Quant à la politique, à l’engagement, au militantisme et aux événements de mai, leur représentation, elle aussi ambivalente, relève de la jouissance à montrer ce que l’on était trop jeune pour avoir vécu. Hazanavicius file en un running gag l’image de Godard aux lunettes cassées lors des manifestations (la première fois, ce fut en février 68 au cours des heurts pour le maintien d’Henri Langlois à la tête de la Cinémathèque), il force le trait dans les AG à la Sorbonne en accentuant la position anti-Israël de Godard (l’équivalence Juifs-nazis viendra plus tard dans l’œuvre et les propos du cinéaste), mais il attire derechef l’attention sur des positions qui, loin de renvoyer au révolu, ne demandent hélas qu’à rebondir au gré de l’actualité.
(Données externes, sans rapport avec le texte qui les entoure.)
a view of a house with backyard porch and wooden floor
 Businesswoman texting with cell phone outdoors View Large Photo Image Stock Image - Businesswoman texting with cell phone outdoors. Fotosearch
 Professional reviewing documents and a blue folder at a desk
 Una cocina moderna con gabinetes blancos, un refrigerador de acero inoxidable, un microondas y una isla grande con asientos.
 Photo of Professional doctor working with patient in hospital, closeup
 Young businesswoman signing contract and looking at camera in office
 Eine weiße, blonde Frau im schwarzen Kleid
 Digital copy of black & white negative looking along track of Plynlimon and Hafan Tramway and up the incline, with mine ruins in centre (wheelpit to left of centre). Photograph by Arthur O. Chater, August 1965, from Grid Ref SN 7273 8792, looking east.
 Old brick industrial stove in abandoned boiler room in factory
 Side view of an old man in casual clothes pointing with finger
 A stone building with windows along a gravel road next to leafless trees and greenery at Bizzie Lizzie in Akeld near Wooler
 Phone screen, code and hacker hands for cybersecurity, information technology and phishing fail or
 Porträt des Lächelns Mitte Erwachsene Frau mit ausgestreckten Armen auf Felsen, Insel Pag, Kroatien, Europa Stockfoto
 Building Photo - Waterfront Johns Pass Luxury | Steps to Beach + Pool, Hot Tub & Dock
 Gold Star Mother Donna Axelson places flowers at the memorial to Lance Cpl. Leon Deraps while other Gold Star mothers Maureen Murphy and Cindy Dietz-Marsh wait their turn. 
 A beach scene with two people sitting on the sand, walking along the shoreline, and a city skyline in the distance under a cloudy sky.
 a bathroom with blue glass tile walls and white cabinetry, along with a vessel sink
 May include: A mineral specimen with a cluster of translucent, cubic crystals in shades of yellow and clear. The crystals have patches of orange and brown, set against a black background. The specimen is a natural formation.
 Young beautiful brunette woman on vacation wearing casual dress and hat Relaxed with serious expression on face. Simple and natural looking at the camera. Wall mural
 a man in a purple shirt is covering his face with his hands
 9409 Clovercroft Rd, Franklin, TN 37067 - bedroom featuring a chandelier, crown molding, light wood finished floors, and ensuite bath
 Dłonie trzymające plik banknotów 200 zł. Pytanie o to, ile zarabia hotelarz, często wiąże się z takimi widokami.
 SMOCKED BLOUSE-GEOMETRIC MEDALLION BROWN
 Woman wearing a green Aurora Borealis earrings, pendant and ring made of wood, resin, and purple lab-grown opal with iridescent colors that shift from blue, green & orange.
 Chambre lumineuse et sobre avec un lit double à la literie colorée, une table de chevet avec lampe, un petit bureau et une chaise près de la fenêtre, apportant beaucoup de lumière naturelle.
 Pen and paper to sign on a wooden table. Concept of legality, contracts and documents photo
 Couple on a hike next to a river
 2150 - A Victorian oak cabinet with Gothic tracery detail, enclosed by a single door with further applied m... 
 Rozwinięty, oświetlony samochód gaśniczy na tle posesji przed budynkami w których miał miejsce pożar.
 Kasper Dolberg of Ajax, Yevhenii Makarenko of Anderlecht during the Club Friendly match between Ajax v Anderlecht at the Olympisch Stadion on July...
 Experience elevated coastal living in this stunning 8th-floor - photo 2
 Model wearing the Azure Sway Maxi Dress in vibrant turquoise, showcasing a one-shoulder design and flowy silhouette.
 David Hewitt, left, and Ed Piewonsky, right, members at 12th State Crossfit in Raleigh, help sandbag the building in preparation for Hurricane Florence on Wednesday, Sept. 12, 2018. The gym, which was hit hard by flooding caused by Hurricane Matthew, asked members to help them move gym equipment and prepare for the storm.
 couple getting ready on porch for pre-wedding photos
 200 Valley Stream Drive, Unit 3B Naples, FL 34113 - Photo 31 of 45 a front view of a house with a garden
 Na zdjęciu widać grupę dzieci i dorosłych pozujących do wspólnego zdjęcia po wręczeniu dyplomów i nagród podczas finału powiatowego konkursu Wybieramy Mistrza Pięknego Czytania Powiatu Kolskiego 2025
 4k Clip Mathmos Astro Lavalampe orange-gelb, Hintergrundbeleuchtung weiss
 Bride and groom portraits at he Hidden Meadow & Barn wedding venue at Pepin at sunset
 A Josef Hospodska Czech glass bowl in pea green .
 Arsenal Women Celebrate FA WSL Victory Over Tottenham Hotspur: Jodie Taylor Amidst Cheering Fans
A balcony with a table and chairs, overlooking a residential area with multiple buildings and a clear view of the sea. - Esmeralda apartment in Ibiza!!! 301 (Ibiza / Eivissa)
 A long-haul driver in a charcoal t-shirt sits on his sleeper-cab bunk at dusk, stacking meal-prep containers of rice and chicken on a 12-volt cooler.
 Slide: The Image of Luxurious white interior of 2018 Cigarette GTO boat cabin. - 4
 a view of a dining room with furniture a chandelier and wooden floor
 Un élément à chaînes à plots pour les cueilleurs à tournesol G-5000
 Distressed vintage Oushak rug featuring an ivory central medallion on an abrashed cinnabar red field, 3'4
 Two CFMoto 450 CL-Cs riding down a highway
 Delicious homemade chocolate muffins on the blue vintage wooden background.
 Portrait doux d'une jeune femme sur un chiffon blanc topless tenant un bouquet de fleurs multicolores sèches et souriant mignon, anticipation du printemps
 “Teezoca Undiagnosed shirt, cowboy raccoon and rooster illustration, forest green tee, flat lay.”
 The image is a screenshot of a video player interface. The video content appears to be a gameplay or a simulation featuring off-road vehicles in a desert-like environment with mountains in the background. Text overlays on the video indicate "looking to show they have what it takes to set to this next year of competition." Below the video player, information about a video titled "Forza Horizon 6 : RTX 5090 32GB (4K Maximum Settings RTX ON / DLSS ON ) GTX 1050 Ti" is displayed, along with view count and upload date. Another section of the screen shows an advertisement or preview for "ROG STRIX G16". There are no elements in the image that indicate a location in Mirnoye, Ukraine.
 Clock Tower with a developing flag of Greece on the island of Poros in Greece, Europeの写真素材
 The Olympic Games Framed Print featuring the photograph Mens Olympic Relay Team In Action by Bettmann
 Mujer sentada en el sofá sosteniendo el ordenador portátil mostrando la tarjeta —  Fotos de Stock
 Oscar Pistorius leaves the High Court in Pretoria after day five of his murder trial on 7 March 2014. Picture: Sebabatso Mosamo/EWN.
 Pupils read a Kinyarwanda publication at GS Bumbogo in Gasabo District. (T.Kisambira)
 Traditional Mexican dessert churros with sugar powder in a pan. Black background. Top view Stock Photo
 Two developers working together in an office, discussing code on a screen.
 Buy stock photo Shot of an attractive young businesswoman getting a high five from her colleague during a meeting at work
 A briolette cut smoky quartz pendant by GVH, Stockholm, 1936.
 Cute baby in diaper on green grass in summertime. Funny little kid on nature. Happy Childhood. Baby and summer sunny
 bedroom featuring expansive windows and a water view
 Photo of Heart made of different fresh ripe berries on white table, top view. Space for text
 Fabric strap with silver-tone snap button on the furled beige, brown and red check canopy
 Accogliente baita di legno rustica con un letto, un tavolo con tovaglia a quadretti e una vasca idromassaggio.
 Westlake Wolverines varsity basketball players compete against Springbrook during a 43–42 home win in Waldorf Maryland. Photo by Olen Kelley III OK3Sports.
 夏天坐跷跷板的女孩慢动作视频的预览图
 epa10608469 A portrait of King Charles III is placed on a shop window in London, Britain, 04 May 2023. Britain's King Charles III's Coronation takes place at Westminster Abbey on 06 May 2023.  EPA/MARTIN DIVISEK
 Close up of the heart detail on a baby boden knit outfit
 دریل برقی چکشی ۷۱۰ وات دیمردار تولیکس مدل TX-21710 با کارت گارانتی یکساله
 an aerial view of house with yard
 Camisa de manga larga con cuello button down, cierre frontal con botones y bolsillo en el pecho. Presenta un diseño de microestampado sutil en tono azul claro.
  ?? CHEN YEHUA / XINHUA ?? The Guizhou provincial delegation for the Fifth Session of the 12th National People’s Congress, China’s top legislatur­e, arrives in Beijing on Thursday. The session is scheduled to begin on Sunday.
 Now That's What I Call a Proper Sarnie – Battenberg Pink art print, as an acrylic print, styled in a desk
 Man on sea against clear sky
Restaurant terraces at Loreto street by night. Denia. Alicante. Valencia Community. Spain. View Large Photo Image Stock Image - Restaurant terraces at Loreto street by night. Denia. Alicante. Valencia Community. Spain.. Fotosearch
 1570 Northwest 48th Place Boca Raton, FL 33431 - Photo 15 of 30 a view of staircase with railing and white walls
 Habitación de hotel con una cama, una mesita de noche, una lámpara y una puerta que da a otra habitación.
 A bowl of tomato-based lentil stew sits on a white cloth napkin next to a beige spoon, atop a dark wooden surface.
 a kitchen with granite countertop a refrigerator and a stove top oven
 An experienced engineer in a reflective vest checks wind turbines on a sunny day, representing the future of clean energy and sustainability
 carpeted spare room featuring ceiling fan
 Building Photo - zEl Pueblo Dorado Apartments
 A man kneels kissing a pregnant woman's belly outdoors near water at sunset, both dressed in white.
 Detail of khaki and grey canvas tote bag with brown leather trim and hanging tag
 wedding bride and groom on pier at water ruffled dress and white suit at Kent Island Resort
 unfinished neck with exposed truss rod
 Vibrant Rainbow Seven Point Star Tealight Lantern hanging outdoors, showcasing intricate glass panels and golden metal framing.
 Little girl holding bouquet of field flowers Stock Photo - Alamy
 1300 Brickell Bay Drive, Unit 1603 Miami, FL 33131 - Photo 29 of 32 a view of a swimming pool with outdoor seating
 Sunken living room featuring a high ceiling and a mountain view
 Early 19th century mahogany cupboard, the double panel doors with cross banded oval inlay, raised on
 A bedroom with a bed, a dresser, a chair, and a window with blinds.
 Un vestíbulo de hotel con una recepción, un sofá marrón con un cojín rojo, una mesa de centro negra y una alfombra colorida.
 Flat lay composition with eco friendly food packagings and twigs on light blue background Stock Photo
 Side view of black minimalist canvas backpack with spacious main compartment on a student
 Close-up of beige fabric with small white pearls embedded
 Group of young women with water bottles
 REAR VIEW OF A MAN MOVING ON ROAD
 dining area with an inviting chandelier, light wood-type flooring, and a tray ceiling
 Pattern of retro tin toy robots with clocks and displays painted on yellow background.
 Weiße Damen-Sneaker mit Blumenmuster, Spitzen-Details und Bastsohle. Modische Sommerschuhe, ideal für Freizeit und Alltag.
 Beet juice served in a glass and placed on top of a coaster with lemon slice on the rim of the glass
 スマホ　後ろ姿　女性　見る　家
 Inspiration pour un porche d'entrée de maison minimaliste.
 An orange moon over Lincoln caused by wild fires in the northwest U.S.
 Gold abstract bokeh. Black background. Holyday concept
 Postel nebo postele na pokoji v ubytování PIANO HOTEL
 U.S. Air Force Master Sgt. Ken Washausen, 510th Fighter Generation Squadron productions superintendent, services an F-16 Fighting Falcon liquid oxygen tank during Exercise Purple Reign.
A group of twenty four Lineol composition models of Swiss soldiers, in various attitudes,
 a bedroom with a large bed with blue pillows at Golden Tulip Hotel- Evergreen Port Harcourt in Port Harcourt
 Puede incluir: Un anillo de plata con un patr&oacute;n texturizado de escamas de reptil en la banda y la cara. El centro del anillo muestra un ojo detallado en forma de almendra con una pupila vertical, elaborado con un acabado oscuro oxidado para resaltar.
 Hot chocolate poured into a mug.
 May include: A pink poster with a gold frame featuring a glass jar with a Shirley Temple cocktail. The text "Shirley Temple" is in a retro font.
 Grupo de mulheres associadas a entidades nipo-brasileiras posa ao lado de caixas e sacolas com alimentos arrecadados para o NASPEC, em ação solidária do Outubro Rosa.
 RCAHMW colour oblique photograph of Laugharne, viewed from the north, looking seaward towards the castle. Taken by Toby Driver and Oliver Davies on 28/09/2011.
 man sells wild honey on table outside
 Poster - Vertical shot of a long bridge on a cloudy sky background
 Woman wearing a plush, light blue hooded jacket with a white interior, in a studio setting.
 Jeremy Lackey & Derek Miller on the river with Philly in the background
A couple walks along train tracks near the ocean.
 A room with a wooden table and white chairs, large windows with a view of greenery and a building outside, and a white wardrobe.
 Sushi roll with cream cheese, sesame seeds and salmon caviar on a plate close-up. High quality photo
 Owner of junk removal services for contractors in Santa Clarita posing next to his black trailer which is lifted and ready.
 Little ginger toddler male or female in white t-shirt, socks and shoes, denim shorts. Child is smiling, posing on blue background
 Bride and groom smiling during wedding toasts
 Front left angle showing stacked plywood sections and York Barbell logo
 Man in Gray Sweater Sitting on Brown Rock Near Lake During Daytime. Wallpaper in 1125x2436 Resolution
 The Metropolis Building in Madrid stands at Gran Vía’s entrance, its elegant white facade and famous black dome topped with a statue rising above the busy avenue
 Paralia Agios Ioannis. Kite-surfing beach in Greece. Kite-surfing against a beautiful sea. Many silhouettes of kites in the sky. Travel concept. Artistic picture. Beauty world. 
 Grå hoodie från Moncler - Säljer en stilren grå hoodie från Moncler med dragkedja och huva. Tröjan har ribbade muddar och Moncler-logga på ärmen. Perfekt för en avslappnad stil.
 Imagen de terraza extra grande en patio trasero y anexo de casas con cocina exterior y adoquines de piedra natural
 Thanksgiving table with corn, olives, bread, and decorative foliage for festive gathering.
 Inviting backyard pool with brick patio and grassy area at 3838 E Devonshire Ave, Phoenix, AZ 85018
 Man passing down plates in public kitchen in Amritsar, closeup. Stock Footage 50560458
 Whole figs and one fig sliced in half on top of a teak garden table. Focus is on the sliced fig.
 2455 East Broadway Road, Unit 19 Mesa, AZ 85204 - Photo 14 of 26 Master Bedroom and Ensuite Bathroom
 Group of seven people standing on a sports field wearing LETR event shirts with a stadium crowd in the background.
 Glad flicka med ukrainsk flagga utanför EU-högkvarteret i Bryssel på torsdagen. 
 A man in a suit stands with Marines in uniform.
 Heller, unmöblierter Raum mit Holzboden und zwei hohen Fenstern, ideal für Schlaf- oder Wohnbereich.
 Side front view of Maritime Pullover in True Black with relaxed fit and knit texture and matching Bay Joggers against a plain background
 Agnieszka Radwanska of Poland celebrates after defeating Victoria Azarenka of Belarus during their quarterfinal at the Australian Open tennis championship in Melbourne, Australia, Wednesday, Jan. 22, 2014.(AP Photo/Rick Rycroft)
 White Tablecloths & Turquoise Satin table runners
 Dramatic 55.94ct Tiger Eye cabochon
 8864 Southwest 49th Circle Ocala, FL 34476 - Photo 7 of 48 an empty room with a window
En tout état de cause, l’auteur de The Artist reste un cinéaste comique et citationnel qui, à l’opposé du Godard de 1968, reste vigoureusement à l’intérieur de la maison-cinéma. Une des scènes les plus réussies du film montre en plan séquence fixe (autre figure godardienne) un retour calamiteux en automobile après le rideau tiré sur le festival de Cannes 1968 par Godard, Truffaut, Malle, Polanski et quelques autres seigneurs de moindre importance. Entassés dans l’habitacle – on circulait mal en ces temps de grève générale –, les principaux personnages assistent à une prise de bec entre Godard et son ami le critique Michel Cournot qui, bien sûr, comprend les raisons politiques, mais, tout de même, a du mal à renoncer à la projection de son premier film, sélectionné à Cannes… La séquence se clôt par la timide intervention du conducteur qui avoue candidement apprécier le cinéma car il aime qu’on « lui raconte des histoires ». Si Hazanavicius s’en était tenu à une telle « définition », le reproche de populisme aurait pu être évoqué ; mais le cinéaste sait conserver son sujet : l’ambivalence, l’hésitation entre les positions contraires, la coïncidence des opposés, apparaissent comme des valeurs qu’il partage avec Godard. D’où l’implacable logique du message final de l’homme qui est retourné à zéro : « ce n’est pas parce que je me suis trompé que j’avais tort ».